Colonel Thomas Pearson, who replaced Lethbridge, pressed his superiors to allow another attempt on Ogdensburg, but to no avail. On 21 February 1813, he made another appeal to Lieutenant-General Sir George Prevost, the commander-in-chief of British North America, who was passing through Prescott on his way to Kingston. Pearson used the recent American raid on Brockville and a threat that the Americans might attempt to capture Prevost to reinforce his argument. Prevost refused to authorize a raid, but gave permission for a minor demonstration that would act as a diversion following his departure. Pearson would not be allowed to undertake this operation, as Prevost ordered him to accompany him to Kingston, where Pearson would take command of the defences. In his stead, Major George Macdonell of the Glengarry Light Infantry was to lead the demonstration after Prevost's departure on the morning of 22 February. Once Prevost reached Brockville, he wrote Macdonell to remind him not to exceed his authority. Macdonell had other ideas and was ready to launch a full-scale attack on Ogdensburg.

The American garrison at Ogdensburg was commanded by Major Benjamin Forsyth, and included his company from the 1st US Regiment of Rifles, four detachments of state militia, several volunteers and eight artillery pieces. The defences included several incomplete minor works, a barracks and the remains of a French fort on the western edge of Ogdensburg.

Battle on Ice

At approximately 7:00 a.m. on 22 February, Macdonell formed his men on the frozen river. The Americans took no action as the British regularly drilled on the ice. The attackers included 480 regulars and militia who were split into two columns, each supported by guns mounted on sleighs. The right column, under Captain John Jenkins of the Glengarry Light Infantry Fencibles, included a company of infantry and 70 militiamen. They were to move against the American left and cut off their retreat. The larger left column was under Macdonell and included 150 men from the 8th Foot, 30 from the Royal Newfoundland Regiment and 230 militiamen. As Forsyth watched the British continue across the river, he realized that they were going to attack and readied his men.

The river was just under 2 km wide. The ice and snow impeded the advance of both columns. Once halfway across the river, both columns came under artillery fire. Jenkins' slow-moving column ran into heavy opposition at the old French fort. Jenkins was severely wounded and despite the efforts of Lieutenant James Macaulay to renew the advance, the column fell into disorder and withdrew. Macdonell's column faced less resistance and soon entered the town. Forsyth saw he was outnumbered and at his order his men withdrew, eventually making their way to Sackets Harbor.

Aftermath of the Battle of Ogdensburg

With the enemy gone, the final reduction of the military post at Ogdensburg was now undertaken. Several schooners and gunboats trapped in the frozen ice were put to flame, and the military stores, 11 guns and other public property were either destroyed or taken to Prescott. British losses included eight killed and 52 wounded. The Americans suffered five killed, 15 wounded and 75 captured.

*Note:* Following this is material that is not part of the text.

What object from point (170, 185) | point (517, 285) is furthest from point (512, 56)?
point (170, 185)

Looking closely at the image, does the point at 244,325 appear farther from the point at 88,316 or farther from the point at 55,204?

Whatever animosity the raid may have sparked with the local populace was short lived. Soon after the attack, commerce between Prescott and Ogdensburg recommenced, while leading citizens from both sides entertained one another at dinner parties. News of the victory reached Prevost that evening and he was so elated that he sent a note of congratulations to Macdonell. The British achieved lasting success by removing the primary threat to their communication on the upper St Lawrence. Ogdensburg was not garrisoned for the balance of the war. The communication on the upper St Lawrence remained under British control for the remainder of the war, except for a brief period during Major-General Wilkinson's expedition to Montréal in November.